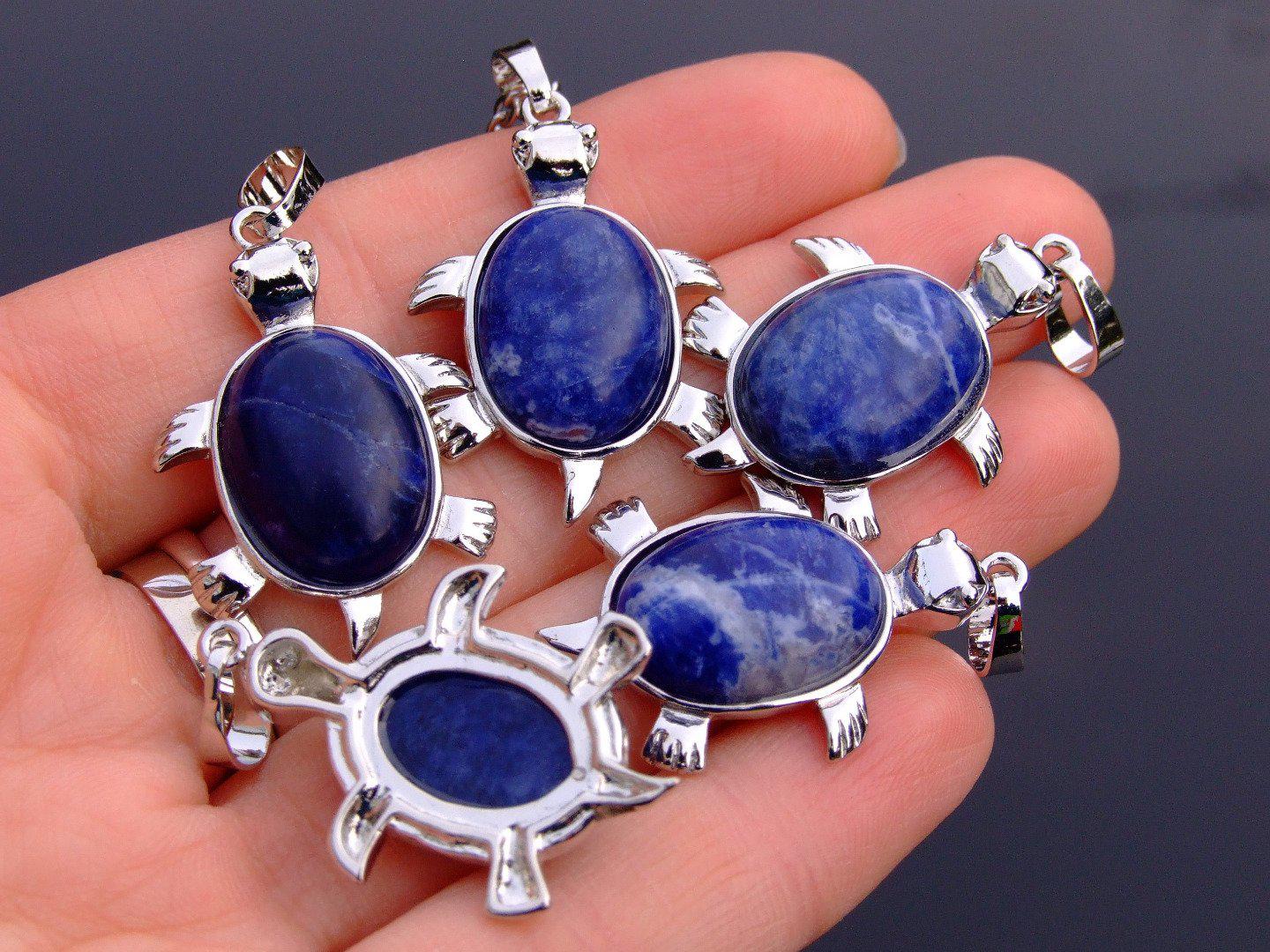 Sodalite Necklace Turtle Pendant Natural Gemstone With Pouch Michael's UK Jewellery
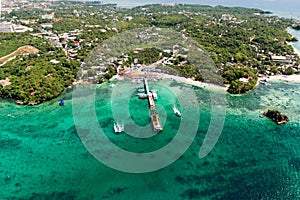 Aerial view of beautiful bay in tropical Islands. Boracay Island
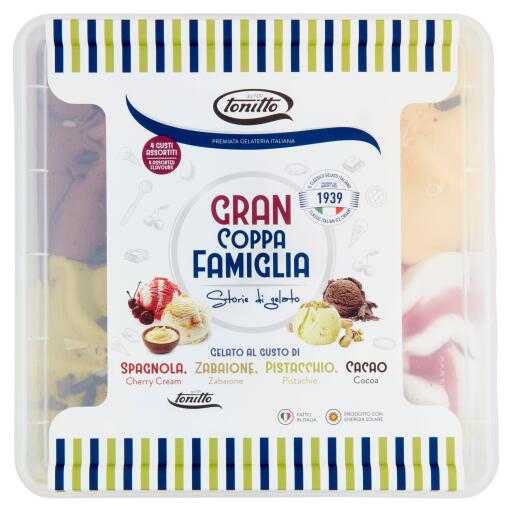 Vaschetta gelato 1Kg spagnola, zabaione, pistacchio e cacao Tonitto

_ _ _ _ _ _ _

Leave the pictures out and restate the listing word for word.

> **Answer space**:
 Sodalite Necklace Turtle Pendant Natural Gemstone With Pouch Michael's UK Jewellery
 Aerial view of beautiful bay in tropical Islands. Boracay Island
 Vaschetta gelato 1Kg spagnola, zabaione, pistacchio e cacao Tonitto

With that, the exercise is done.